I recently found myself in possession of a box of Reduced Sugar Fruit Pebbles. I won't say much about how they came to arrive at my home, other than the story involves the kindness of at least one anonymous soul, the further generosity of a local church and the health kick of a neighbor who has more sense than I. Anyway, we eat very little cold cereal around here and the Boy Wonder was disinclined to experiment with the genre solely on the basis of perusing the box (he is not, after all, familiar with the Flinstones and so felt no compunction to patronize their cereal, unlike what his response might have been to, say, a Buzz Aldrin cereal).

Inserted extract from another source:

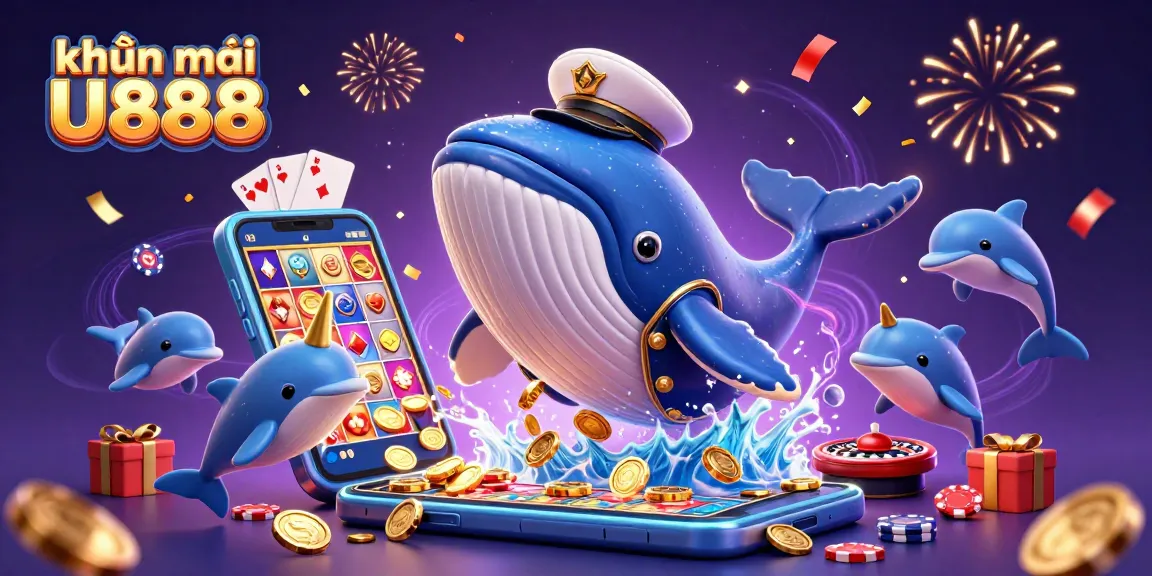 Engage with khuyến mãi U888 through a vibrant 3D casino illustration showcasing a whale and playful dolphins.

I remembered back in my college days my dorm mates and I making a batch of Fruity Pebbles treats - nothing more than your basic Rice Krispie treats subsituting the Pebbles for the Krispies. I thought this would be a fun way to use the Pebbles as a super-special kid treat, something we could make and enjoy and never speak of again. Since I couldn't remember the marshmallow-to-Pebbles ratio I googled the recipe. Imagine my surprise to end up on a page of something called Recipes of the Damned. Damned? Sure, they're not, you know, like, actual food or anything, but "damned" seems rather harsh.

In the end we were not disuaded by their accursed status and made the treats (for the record: 4 tablespoons of melted butter, 40 large marshmallows, six cups of Fruity Pebbles and one, ahem, hell of a mess). No one liked them very much, but that stopped none of us from having more than one three or four.

In further news, we have decided to have an egg hunt next month. I have several dozen of those stuffable plastic eggs, lots of room to run around and know any number of four year olds we can let loose in search of the hidden eggs. So an egg hunt seemed the obvious thing to do. We're not doing the traditional brunch, mostly because I don't need that kind of stress, but rather will serve what I call "treats" - cake and cookies, maybe fruit skewers with a yogurt/maple dip, veggies and hummus and probably some kind of crostini or something. The cake will be carrot, natch. In thinking about it, I dimly recalled a long ago episode of Martha Stewart Living wherein a cake was prepared to look like a garden - crushed Oreo paths, white sugar paste gate, tiny marzipan veggies. I just adore marzipan and figure that alone is reason to make the cake, not even taking into account its thematic appropriateness.

So I googled the recipe and immediately found a page on...can you guess?...Recipes of the Damned.

I wish I was making this up. Two hits to apparently damned recipes within the space of no more than three days. I do not know what this means in realm of culinary spirituality but it cannot be good.